Concernant les MGM en eux-mêmes, la Commission européenne a proposé, en avril 2023, une déréglementation de certains d’entre eux, dont des virus OGM. Il s’agit d’une proposition de déréglementation partielle dans le domaine des médicaments. Si le texte juridique est obscur pour les non initiés, des cabinets de conseil ont d’ores et déjà produits des analyses informatives.

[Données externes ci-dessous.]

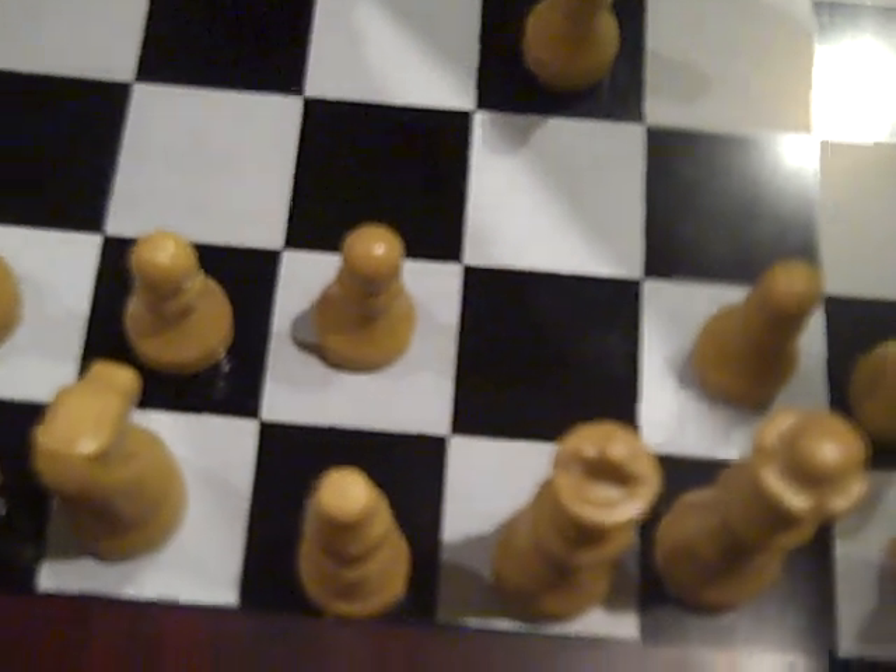So on white's first move, move this piece here. It doesn't matter, you can move it here or here. Move it here. Say the opponent moves their piece here.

La proposition faite aux États membres et au Parlement européen est une ébauche de nouvelle directive concernant les médicaments à usage humain7. Cette proposition couvre les médicaments dits produits médicaux de thérapies géniques « contenant des séquences d’acides nucléiques recombinantes ou des microorganismes ou des virus génétiquement modifiés », mais également « contenant des cellules génétiquement modifiées ». Certains cabinets privés de conseils, à l’image du cabinet Covington, estiment qu’avec cette proposition de directive, « la Commission européenne rationalise les règles applicables aux essais cliniques de médicaments consistant en des organismes génétiquement modifiés (« OGM ») ou en contenant »8. Le cabinet Covington analyse que la Commission propose un système centralisé et simple pour les essais cliniques de médicaments OGM. Si, pour une demande d’autorisation commerciale, l’industrie devra fournir une évaluation des risques environnementaux, « en échange, la Commission exemptera les essais cliniques de nombreuses règles portant sur les OGM ».

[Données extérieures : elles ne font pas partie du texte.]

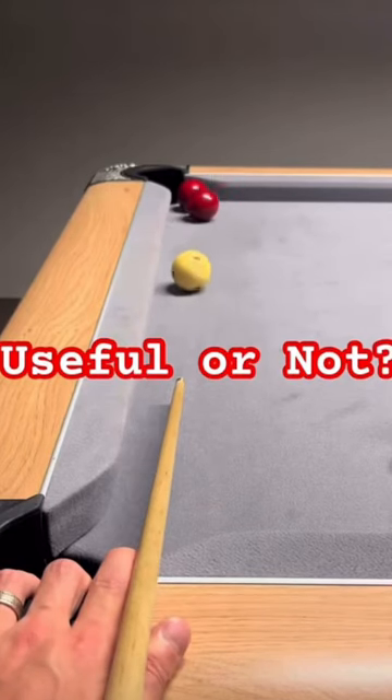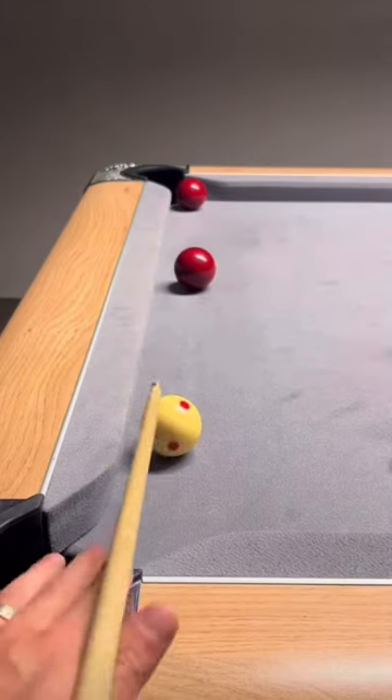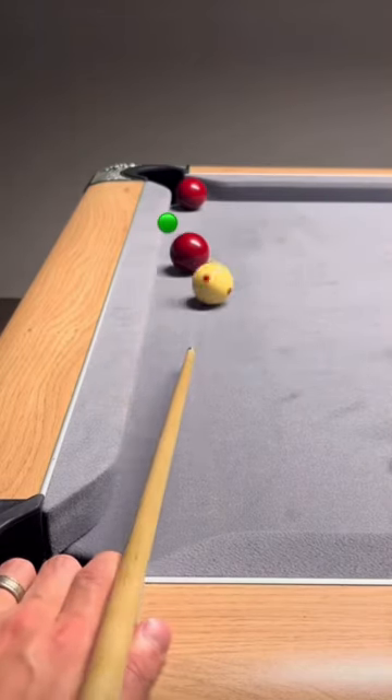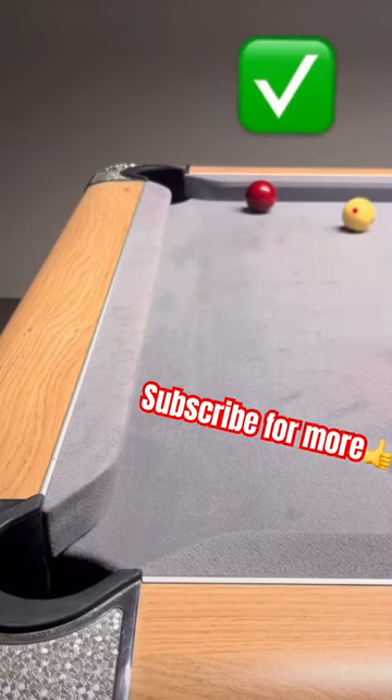If you're ever in this position, never play the first red onto the second red on the right hand side as we look, because you leave yourself no shot. Instead, play here on the cushion with a little bit of topspin — you're guaranteed to have a pot on the second red.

De son côté, le cabinet de conseil Boyds écrit que la simplification proposée des procédures pour les essais cliniques consiste à ce qu’il « ne [soit] plus nécessaire de présenter des demandes nationales distinctes au titre des directives sur les OGM. Au lieu de cela, une demande unique sous la forme d’une évaluation des risques liés aux OGM serait soumise en même temps que la demande d’essai clinique en utilisant le même portail »9. Selon le même cabinet de conseil, la proposition vise « à rationaliser l’inclusion de l’évaluation des risques liés aux OGM dans les demandes d’essais cliniques harmonisées ». Une sémantique qui signifie souvent de revoir à la baisse les évaluations aujourd’hui requises, comme l’a analysé le cabinet Covington.

Des micro-organismes et virus utilisés comme produits de traitement des plantes

Outre les produits pharmaceutiques produits à partir ou consistant en des OGM, dont les micro-organismes (et les virus), comme nous venons de le voir, les MGM utilisés comme produits de traitement des plantes sont concernés par une autre proposition de règlement. Cette fois, il ne s’agit pas de déréglementation mais d’allonger de cinq années la durée des brevets délivrés sur ces MGM.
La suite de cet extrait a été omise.